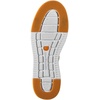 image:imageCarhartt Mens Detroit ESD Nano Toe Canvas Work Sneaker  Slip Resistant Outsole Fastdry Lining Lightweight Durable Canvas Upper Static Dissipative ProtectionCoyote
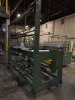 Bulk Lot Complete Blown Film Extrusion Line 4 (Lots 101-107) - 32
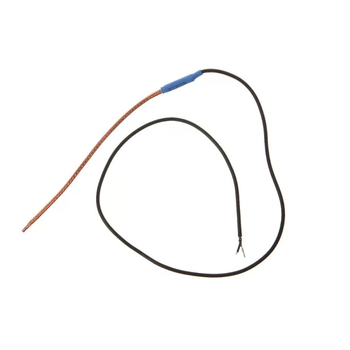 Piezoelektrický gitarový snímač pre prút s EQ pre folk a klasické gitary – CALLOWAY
====================
_TRY IT_: The pictures are to be omitted, and the rest of the listing is to be transcribed exactly.

_WRITTEN REPLY_:
 image:imageCarhartt Mens Detroit ESD Nano Toe Canvas Work Sneaker  Slip Resistant Outsole Fastdry Lining Lightweight Durable Canvas Upper Static Dissipative ProtectionCoyote
 Bulk Lot Complete Blown Film Extrusion Line 4 (Lots 101-107) - 32
 Piezoelektrický gitarový snímač pre prút s EQ pre folk a klasické gitary – CALLOWAY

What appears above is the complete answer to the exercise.